ASSIGNED TASK: Only lines with the string "Frame" are wanted. Pull them out of the data.

SOURCE MATERIAL:
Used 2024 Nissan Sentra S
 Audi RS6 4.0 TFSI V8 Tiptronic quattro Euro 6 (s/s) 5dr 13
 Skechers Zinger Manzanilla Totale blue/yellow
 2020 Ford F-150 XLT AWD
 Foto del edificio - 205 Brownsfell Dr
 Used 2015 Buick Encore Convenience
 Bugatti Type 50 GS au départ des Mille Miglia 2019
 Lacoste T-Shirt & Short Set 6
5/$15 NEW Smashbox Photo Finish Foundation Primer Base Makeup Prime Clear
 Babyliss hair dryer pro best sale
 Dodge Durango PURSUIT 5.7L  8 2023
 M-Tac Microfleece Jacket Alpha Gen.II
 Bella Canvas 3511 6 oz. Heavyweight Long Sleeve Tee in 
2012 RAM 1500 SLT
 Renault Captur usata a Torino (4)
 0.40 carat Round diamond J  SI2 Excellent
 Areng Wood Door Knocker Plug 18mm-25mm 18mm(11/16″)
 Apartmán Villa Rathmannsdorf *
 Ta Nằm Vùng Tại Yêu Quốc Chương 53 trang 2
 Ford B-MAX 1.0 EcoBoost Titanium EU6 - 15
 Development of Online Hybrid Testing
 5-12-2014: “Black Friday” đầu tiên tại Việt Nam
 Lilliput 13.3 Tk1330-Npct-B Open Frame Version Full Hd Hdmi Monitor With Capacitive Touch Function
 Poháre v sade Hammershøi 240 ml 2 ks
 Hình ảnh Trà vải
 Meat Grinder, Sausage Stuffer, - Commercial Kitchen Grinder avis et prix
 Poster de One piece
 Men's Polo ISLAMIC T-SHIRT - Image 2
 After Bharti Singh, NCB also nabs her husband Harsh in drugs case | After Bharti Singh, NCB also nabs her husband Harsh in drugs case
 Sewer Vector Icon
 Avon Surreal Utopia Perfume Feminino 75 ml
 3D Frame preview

WRITTEN RESPONSE:
 Lilliput 13.3 Tk1330-Npct-B Open Frame Version Full Hd Hdmi Monitor With Capacitive Touch Function
 3D Frame preview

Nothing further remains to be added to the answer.